§ **Raw data**
Segment Open
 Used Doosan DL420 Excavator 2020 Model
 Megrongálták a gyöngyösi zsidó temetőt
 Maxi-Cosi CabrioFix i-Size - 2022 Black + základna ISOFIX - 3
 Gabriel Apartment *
Segment Closed
Segment Open
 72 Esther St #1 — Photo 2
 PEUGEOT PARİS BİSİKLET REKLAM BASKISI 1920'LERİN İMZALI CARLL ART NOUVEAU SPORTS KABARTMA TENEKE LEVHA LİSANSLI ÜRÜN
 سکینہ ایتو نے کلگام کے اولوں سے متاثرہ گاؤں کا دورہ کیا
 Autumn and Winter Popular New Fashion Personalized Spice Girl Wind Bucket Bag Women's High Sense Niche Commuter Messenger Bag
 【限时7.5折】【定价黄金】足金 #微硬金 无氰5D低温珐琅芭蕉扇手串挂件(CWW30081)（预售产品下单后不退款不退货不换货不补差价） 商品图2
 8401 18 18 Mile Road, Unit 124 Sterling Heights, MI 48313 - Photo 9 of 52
Segment Closed
Extract exactly and only the lines above from the line containing "Used Doosan DL420 Excavator 2020 Model" through the line containing "Gabriel Apartment *", both end lines included.

 Used Doosan DL420 Excavator 2020 Model
 Megrongálták a gyöngyösi zsidó temetőt
 Maxi-Cosi CabrioFix i-Size - 2022 Black + základna ISOFIX - 3
 Gabriel Apartment *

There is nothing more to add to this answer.